NEOSHO, Mo. — Four Republicans are running to become Newton County Commission Chairman.
Although they have different priorities for the county, all say better communication with other county officials and government jurisdictions would help the county avoid becoming embroiled in lawsuits.
Newton County’s next presiding commissioner will essentially be elected in Tuesday’s primary, as candidates from no other party ran for the position. Candidates for President Commissioner are Daniel Swem, Kevin VanStory, Alan Cook and Rick McCully.
Each of the candidates shared many of the same topics as priorities for their agenda if elected to office. The Globe asked each candidate to name their top priority.
• to swim, 54 years old, has lived in Neosho for 52 years. He owns Swem’s Construction, which has been in business for 25 years. He is also a property manager and investor.
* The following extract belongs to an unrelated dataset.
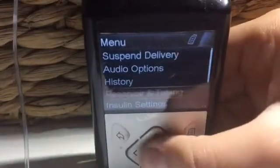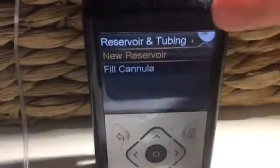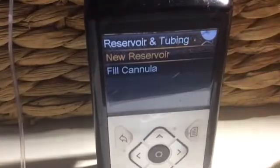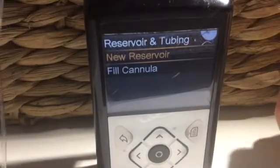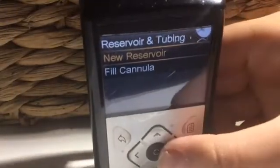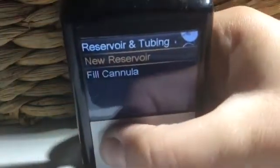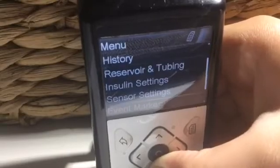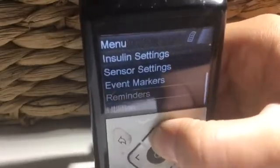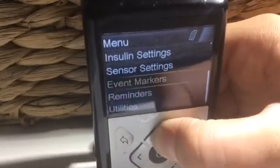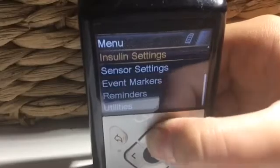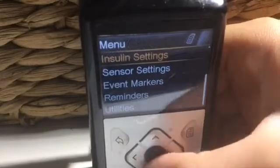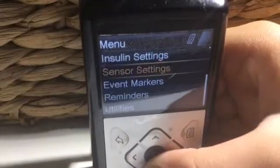Next is reservoir and tubing. Reservoir and tubing is when you change your insulin pump. For more information on how to do this, visit my set change video that clearly shows how to do this. Now, insulin settings — insulin settings help you to see all of your daily insulin dose and your basals too.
He previously served on the board of directors of Neosho Parks.
His top priority is improving communications equipment for county police and fire departments, noting that many small departments are not on the same system as larger cities and the county.
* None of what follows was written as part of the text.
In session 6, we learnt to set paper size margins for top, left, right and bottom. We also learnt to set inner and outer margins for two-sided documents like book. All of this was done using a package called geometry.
“Not all of our rural fire departments have a radio system to communicate with the county,” Swem said. “They’ve been asking for it for a few years, and it’s an easy fix. … We’re going to have another disaster, and they need to be able to communicate.”
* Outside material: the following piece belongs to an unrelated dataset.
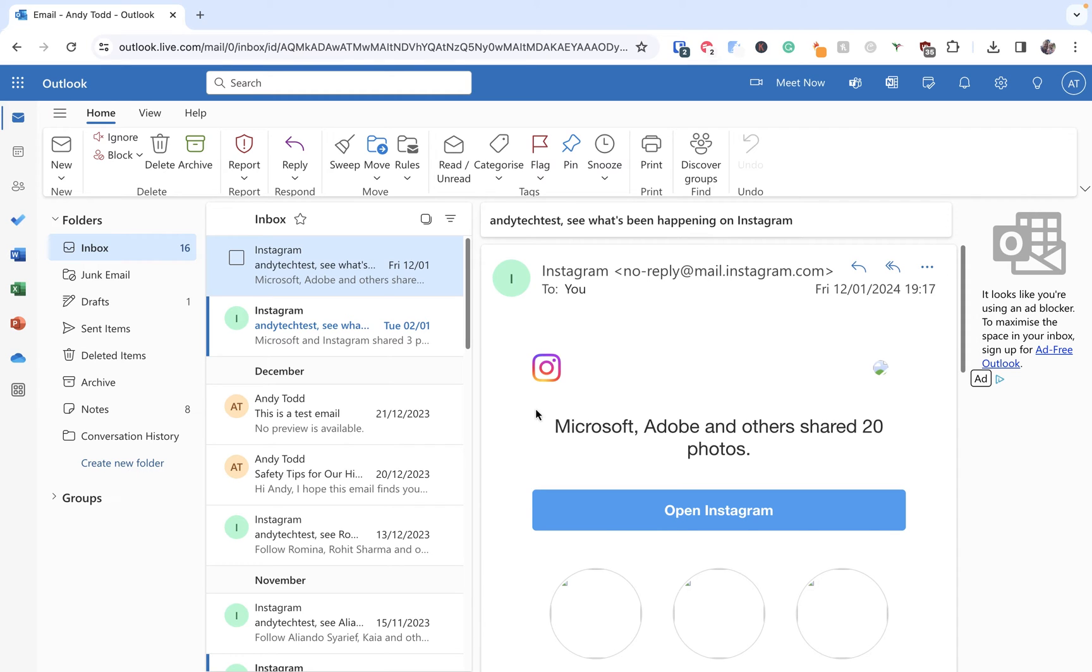In this video we're going to take a look at how to schedule an email in Outlook online. So I've already logged into my test Outlook account and the first thing I need to do is compose the email that I want to send.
• VanStory, 58 years old, has lived in Neosho for 38 years. He is a real estate broker with SWMO Homes and was previously the general manager of Don’s Honda.
VanStory said its top priority will be business development. In his experience working in real estate, VanStory said the county has failed to attract several large companies that could have created about 10,000 jobs over the past 20 years, he said.
“Labour force is one of the most critical things because this type of growth can be lucrative for Newton County,” VanStory said. “People forget that Newton County had the means to build rockets that take us to space and to the moon.”
• To cook, 60, is a longtime resident of Newton County who lives in Granby. He has served as Associate Commissioner of District 1 of the Newton County Commission for the past nine years. Before that, he worked in information technology and human resources.
He previously served on the school board for the East Newton School District.
Cook said his priority would be to develop broadband Internet services across the county, noting that such a service can be an economic boon and a labor developer, and that his 25 years of experience in the field help them make informed development decisions.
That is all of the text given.